Holocaust Memorial Day
The theme of Holocaust Memorial Day this year is 'Ordinary People' in the Holocaust. I write this through the lens of my Father’s experience as one of those rescued in the Kindertransport operation set up to rescue children from Nazi occupied Europe when brutal realities about what was happening to the Jews and other groups could no longer be ignored
"Some 10 thousand children were rescued and brought to the United Kingdom against the darker background of the 6 million or so Jews who were murdered by the Nazis. This did not happen naturally or without passive bureaucratic resistance. I would like to acknowledge the extraordinary role of the Quakers in persisting with raising the issue with the British authorities and for their work in rescue and – where possible – putting broken families back together.
The real hero for my family and my circle was Sir Nicholas Winton who acted in response to the growing emergency in Czechoslovakia after the “Peace for our time” accord between Neville Chamberlain and Adolf Hitler when Britain and France agreed to Hitler’s demand for the Sudetenland in the Munich accord. This was the region when my dad grew up in a beautiful spa town called Teplitz close to the German border. This is where the aims and ambitions of the Nazi regime collided with my family. My dad was spared the horrors of Kristallnacht as he had already sent to “safety” with an Uncle in Prague where he was later joined by his mother. She brought with her the surviving Jewish girls from the orphanage in Teplitz where she was head teacher. The family planned to emigrate but Nazi extortion on the sale of the family assets meant there was insufficient money left to buy the four exit visas needed for emigration to Palestine. The family were trapped and by that stage there was no mistaking the bleakness of the prospects. The full horror was not yet understood although concentration camps were being put together and Dachau had been holding and murdering political prisoners since 1933".
Sir Nicholas Winton
“It was the decent thing to do”
Nicholas Winton was a young English stockbroker who witnessed the conditions in Prague when a skiing holiday was cancelled because of bad weather in the Alps. He recognized that something must be done and initiated the Kindertransport operation which rescued some 669 children on trains leaving from Prague station. This was no mean feat as it was a race against time as they knew trains would not be allowed to leave when war broke out. Winton even set up a clandestine print shop to generate the visa documentation that he knew would not arrive officially in time.
"My grandmother had to take tranquillizers to get her through the moment of seeing off her son. She – and the rest of the near and wider family and indeed the orphan girls were all swept up in the deportations and eventually perished in Auschwitz.
As a member of the Second Generation I’m conscious of the complexity of Survival and anti-Semitism. Much of the Holocaust Memorial Day discussion dwells on the latent anti-Semitism in Europe and there is a narrative on how ordinary people colluded with the Nazis in delivering their programme.
I think this is wrong or at least incomplete. I do not believe that ordinary people chose to embrace the murder of the 6 million but ordinary people ARE susceptible to manipulation through propaganda starting with ancient hostility from the Church, later Luther, leveraging discontent, envy, fear and prejudice and eventually, compliance through torture and brutality. Nor should it be forgotten that both State and colluders were keen to steal the considerable Jewish wealth – industrial, financial and personal which was there for the taking. Lincoln has its own grim position in mediaeval anti-Semitism as the origin of the blood libel associated with the martyrdom of Little St Hugh.

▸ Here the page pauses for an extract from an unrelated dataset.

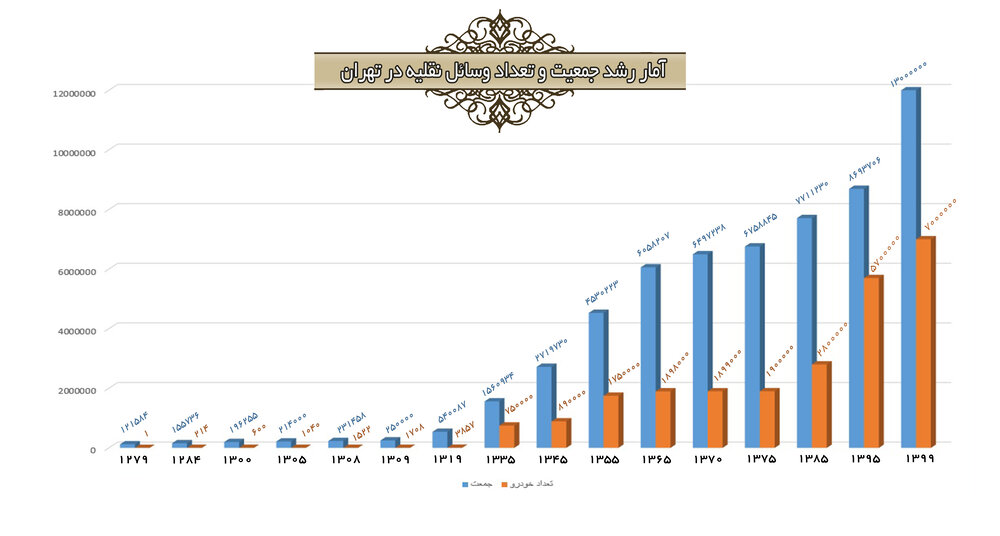 تحلیل ترافیک و تصادفات تهران در ۱۰۰ سال اخیر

The complicity of those backward elements closest to Holocaust is not representative of the people as a whole. It seems to me that the real motivation of the Nazi regime was clear – to eradicate the progressive and scientific culture within secular Judaism, starting with Spinoza, which collided with the mysticism and authoritarian interests of the Nazis and of course anything connected with Marxism or Socialism which had largely originated with Jewish thinkers and activists. The rise of socialism was inextricably linked with the secular Jewish intelligentsia, which dared to question the existing world order and proposed an alternative to the forms of Nationalism which had lead to the First World War. The attack on progressive (and largely Jewish) culture reached its apogee with the Book Burning which started in Berlin in 1933 at Bebelplatz, next to Humboldt University and is ironically a seat of modern revisionist and apologist teaching which trivializes the Nazi intent. As the German philosopher Heine had remarked with chilling prescience, “when people start to burn books, then in the end people are also burned”. Not only must the books and the records carrying the virus of ideas be destroyed but so too must the entire population carrying the ideas.

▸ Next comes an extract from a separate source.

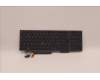 Lenovo 5N21B08453 NB_KYB CM KBD NM-CS20 LTN,BL,GR,058 FRA
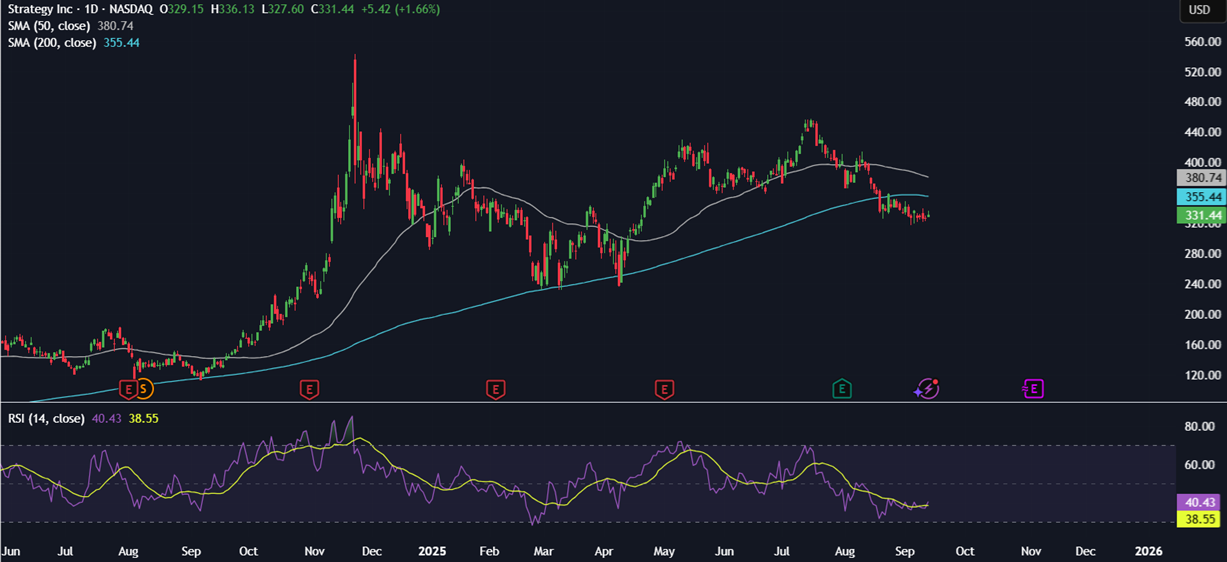 Bitcoin hits 116k ahead of the FOMC rate decision. Altcoin Season arrives&nbsp; - MSTR 15092025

Nicholas Winton remarked, “No one learns anything, that’s the only thing History teaches us”. This might be true if historical truths are lost or a narrative reshaped for the purpose of convenience. Fake news, revisionism and holocaust denial are all part of this. Ideas are dangerous.

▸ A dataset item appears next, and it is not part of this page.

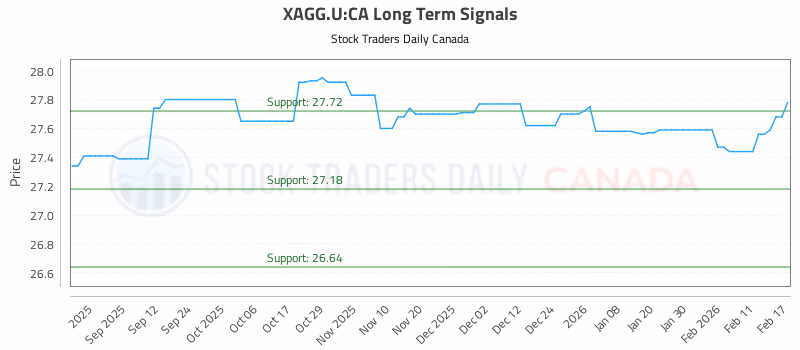 Stock Chart for XAGG.U:CA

If there is anything to be learned from history it is that in an age of spin, fake news and historical revision we have to be scrupulously careful to hold on to evidence based interpretation as the same tensions around Nationalism and war play out in the modern world. Genocide did not end with the Holocaust.
The most vulnerable of all are the children who are separated from family in the turmoil that follows displacement".